One I like is to say that lots of agents means too much checks for legitimate users, too many false positives, but above all redudancy with agents scanning one another.
If you've got 2 users but 500 agents, the agents will spend a lot of time scanning each other (which is required to prevent a hacker/hacking agent from hiding as a legitimate ICE) and the users might be able to get away unnoticed, whereas 2 users with 1 agent will have the agent scan each user for sure.
So you scale the number of agents with the number of users.
Ryu
Aug 24 2007, 10:22 AM
By the rules, there is no reason to not have the agent horde.
Still the corps won´t invest heavily into something they don´t need. PC hackers tend to be experienced specialists with good equipment, not the kind of opposition most matrix security will be concerned with. And upkeep causes costs, even if the game does not have rules for it. So the corp will be interested in low maintenance security.
If one or two ICs do not deter the intruder, shutting down the system is cheaper than swamping it with agents. Even complex sites can - if build the right way - severe their matrix connection by shutting down a few select nodes.
hobgoblin
Aug 24 2007, 10:37 AM
QUOTE |
shutting down the system |
and here we are back at the (d)dos issue...
Tarantula
Aug 24 2007, 02:29 PM
QUOTE (Blade) |
There are a lot of ways to explain why agent armies aren't possible (if you want to go that way). One I like is to say that lots of agents means too much checks for legitimate users, too many false positives, but above all redudancy with agents scanning one another.

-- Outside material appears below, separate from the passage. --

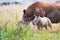 Rhino calf approaches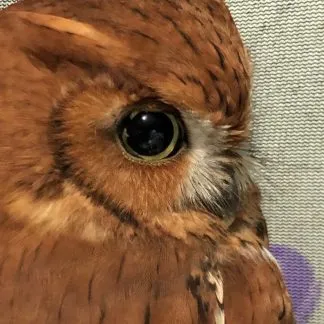 Review #194870, image #4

If you've got 2 users but 500 agents, the agents will spend a lot of time scanning each other (which is required to prevent a hacker/hacking agent from hiding as a legitimate ICE) and the users might be able to get away unnoticed, whereas 2 users with 1 agent will have the agent scan each user for sure. So you scale the number of agents with the number of users. |
What are you talking about? Its a matrix perception check. Globally, on the entire node every time it goes. I'm now of the opinion its once per new addition. So, as each agent loads on, the previous agents get a perception check to notice the new agents. Once they're all loaded, all 500 of them get one perception check each for anyone new in the node. If they defeat the stealth, they can trigger an alert and show the other agents who the intruder is (like 1 guard from a group noticing the sneaking adept, so he goes, "YOU! STOP!" and points, while the other guards go, "huh? hey, theres a guy over where bob is pointing.")
Also, theres no such thing as false positives. Anyone who logs in with a valid logon/passcode will scan as valid. Period.
Blade
Aug 24 2007, 02:38 PM
Oh, yeah, I forgot that it only works with the way I consider Matrix perception and ICE checks.
False positives can happen if an agent glitches his perception check (and with 500 agents checking each time someone's connectnig, it might happen frequently).
Tarantula
Aug 25 2007, 04:56 AM
So what? Every couple of times a legitimate user logs in, and gets booted off, reboots his machine and tries again. Write it off as "those damn computers". Plenty of IT people currently have that attitude.